_Required work_. Pictures are to be left out. Return exactly the lines below from the one with "Dans le village - Méounes-lès-Montrieux" up to and including the one with "Первый анальный секс".

_Available data_.
※ ※ ※

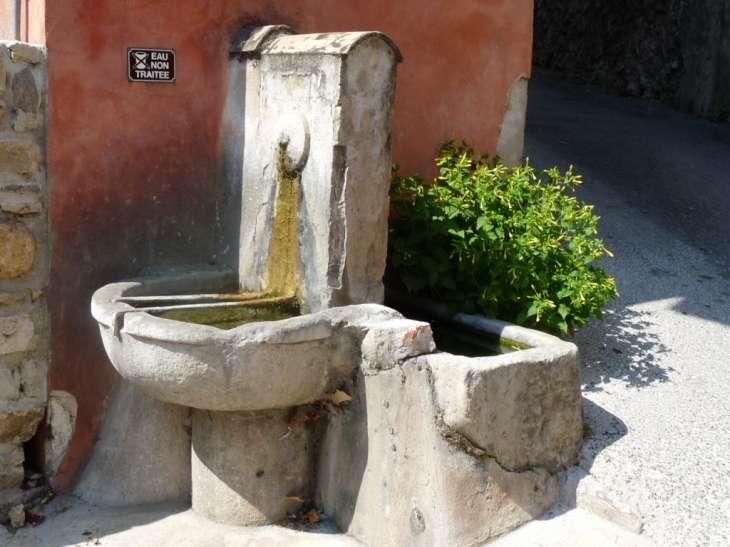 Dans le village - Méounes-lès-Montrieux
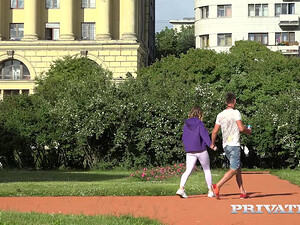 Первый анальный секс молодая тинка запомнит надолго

※ ※ ※

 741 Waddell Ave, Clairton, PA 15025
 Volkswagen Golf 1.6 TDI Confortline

※ ※ ※

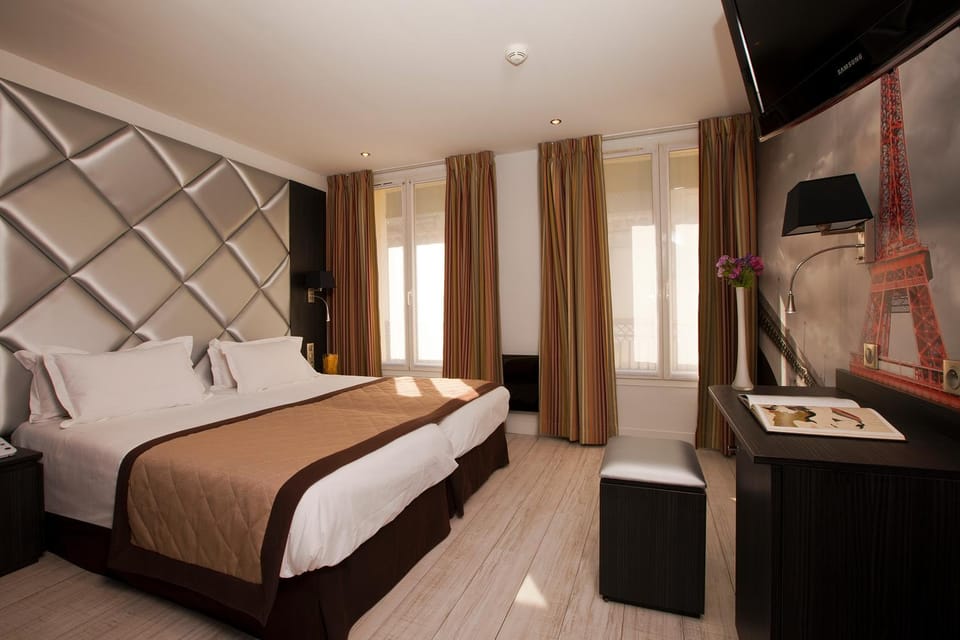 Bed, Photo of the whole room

※ ※ ※

_Task solution_.
 Dans le village - Méounes-lès-Montrieux
 Первый анальный секс молодая тинка запомнит надолго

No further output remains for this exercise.